陆海统筹背景下,为了更好的实现海洋生态修复,达到生态效益、经济效益和社会效益的有机统一,践行习近平生态文明思想,构建我国的海洋生态修复制度具有刻不容缓的必要性,实现有制度可遵循、有法可依、依法治海。本文拟通过梳理以往国内海洋生态修复项目实施存在的问题,从海洋生态修复制度角度深入分析、探讨问题成因,在陆海统筹背景下,从建立陆海统筹生态修复协调制度、加强统筹规划引导、构建修复技术标准化制度、研究和完善海洋生态修复项目实施管理办法、资金投入模式、后评估办法等方面提出构建我国海洋生态修复制度的对策建议,为推进我国海洋生态保护修复工作提供一些借鉴。

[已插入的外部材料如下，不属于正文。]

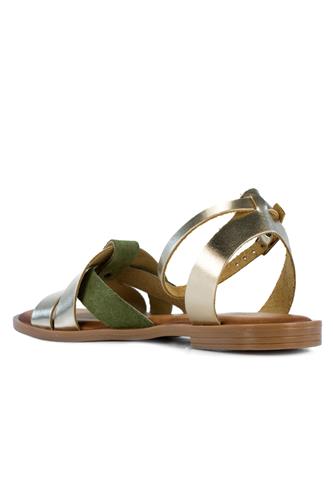 Sandal Platinum Laminated Leather Green Suede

海洋生态修复是指对海洋生态空间不合理开发利用活动的整体治理,以及对退化、受损的海洋环境进行人为干预地修复、恢复或重建[16]。海洋生态修复的类型包括海域、海岛和海岸线及针对红树林、珊瑚礁、海草床等和滨海湿地生态系统等方面的修复[17]。2010年起,随着国家领导人的不断重视,全国各地积极开展海域海岸带整治修复工程,项目涉及沙滩、侵蚀岸线、滨海湿地、海岛礁体、海岸景观等方面的整治修复。目前我国现行的海岸带修复项目内容主要包括:海岸防护与整治修复、沙滩资源整治修复、近岸构筑物整治与修复、海域和滩涂清淤、海岸景观美化和修复、海洋生态系统恢复与重建以及滨海湿地生态建设与修复[18]。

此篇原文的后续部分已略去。